Chris Fields cjfields at uiuc.edu
Sun Aug 6 19:44:14 EDT 2006

Sendu, I feel this needs to be posted to the main list for further  
responses from anyone interested in making a point, one way or  
another.  I'm dropping out of this; you can have the last word.

This is in response to Sendu's proposal to have $species->species  
return the binomial name for that rank, as documented on Bugzilla.   
Any other responses would be appreciated.

(In reply to comment #5)
 > (In reply to comment #4)
 > See also http://en.wikipedia.org/wiki/Species and
 > http://en.wikipedia.org/wiki/Binomial_nomenclature. "The name of  
the species is
 > the whole binomial, not just the second term (which may be called  
 > epithet, for plants, or specific name, for animals)".
 > We can't have a method for the 'specific name' because we have no  
way of always
 > correctly working out what that is. The NCBI taxonomy database  
doesn't tell us,
 > and neither do the various sequence file formats.

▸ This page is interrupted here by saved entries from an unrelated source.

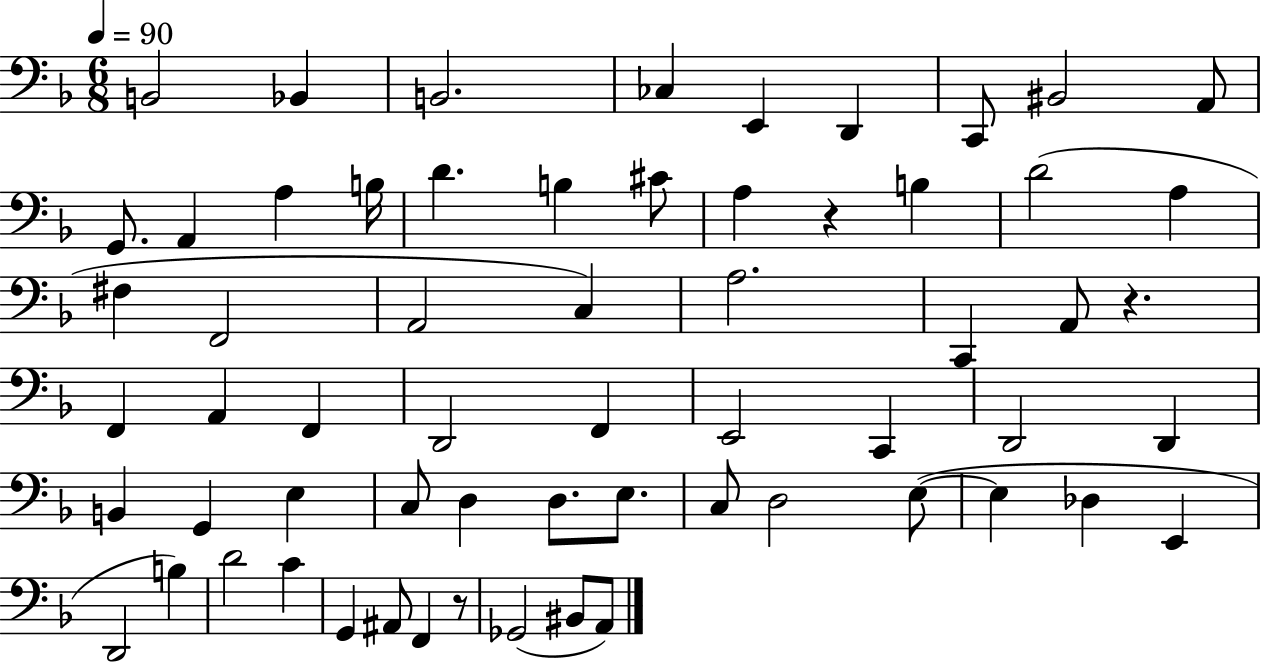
X:1
T:Untitled
M:6/8
L:1/4
K:F
B,,2 _B,, B,,2 _C, E,, D,, C,,/2 ^B,,2 A,,/2 G,,/2 A,, A, B,/4 D B, ^C/2 A, z B, D2 A, ^F, F,,2 A,,2 C, A,2 C,, A,,/2 z F,, A,, F,, D,,2 F,, E,,2 C,, D,,2 D,, B,, G,, E, C,/2 D, D,/2 E,/2 C,/2 D,2 E,/2 E, _D, E,, D,,2 B, D2 C G,, ^A,,/2 F,, z/2 _G,,2 ^B,,/2 A,,/2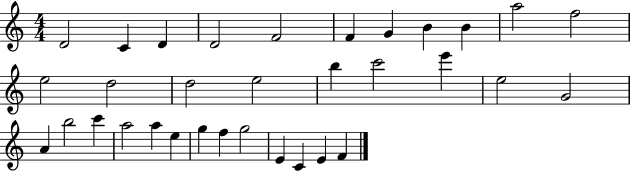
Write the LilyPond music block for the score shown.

{
  \clef treble
  \numericTimeSignature
  \time 4/4
  \key c \major
  d'2 c'4 d'4 | d'2 f'2 | f'4 g'4 b'4 b'4 | a''2 f''2 | \break e''2 d''2 | d''2 e''2 | b''4 c'''2 e'''4 | e''2 g'2 | \break a'4 b''2 c'''4 | a''2 a''4 e''4 | g''4 f''4 g''2 | e'4 c'4 e'4 f'4 | \break \bar "|."
}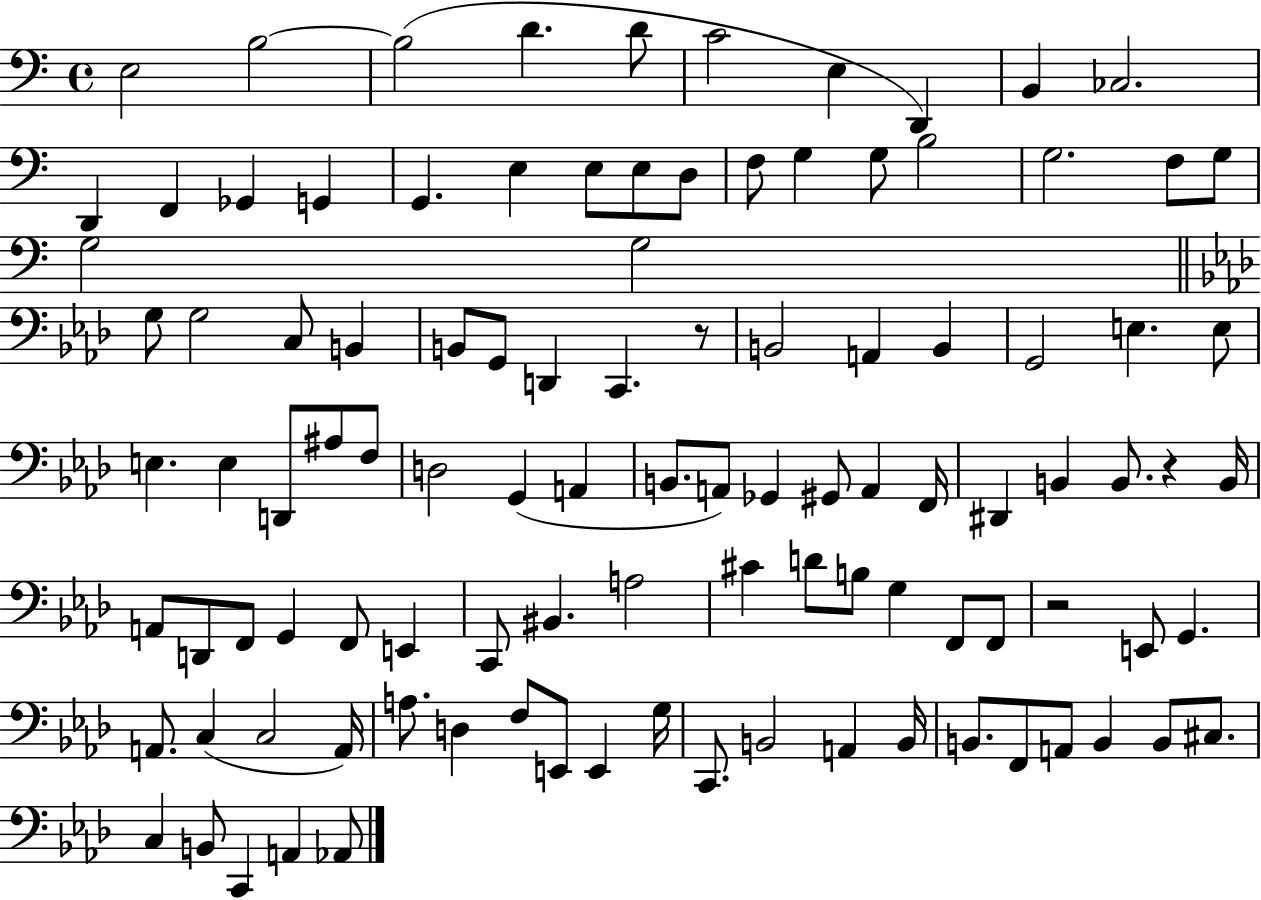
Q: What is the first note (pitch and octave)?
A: E3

Let's say, for instance, that the single definition of 'species,' as  
you have shown, was the only correct definition.  But in your  
response quoting the Wikipedia articles you leave out a plethora of  
other definitions, including one used by taxonomists: the second name  
in a binomial nomenclature, aka the species descriptor or what you  
have as the 'specific epithet'.  This is also explicitly stated in  
the second link you provide, for 'binomial nomenclature':

"As the word "binomial" suggests, the scientific name of a species is  
formed by the combination of two terms: the genus name and the  
species descriptor."

The previous use of species() in Bio::Species fits that definition,  
in that the species() method originally gave only the species  
descriptor (one name), NOT the binomial name, which is given by  
binomial().  Similarly, genus() gave only the genus name.  Why have a  
genus() or binomial() at all if you get the entire name via species()?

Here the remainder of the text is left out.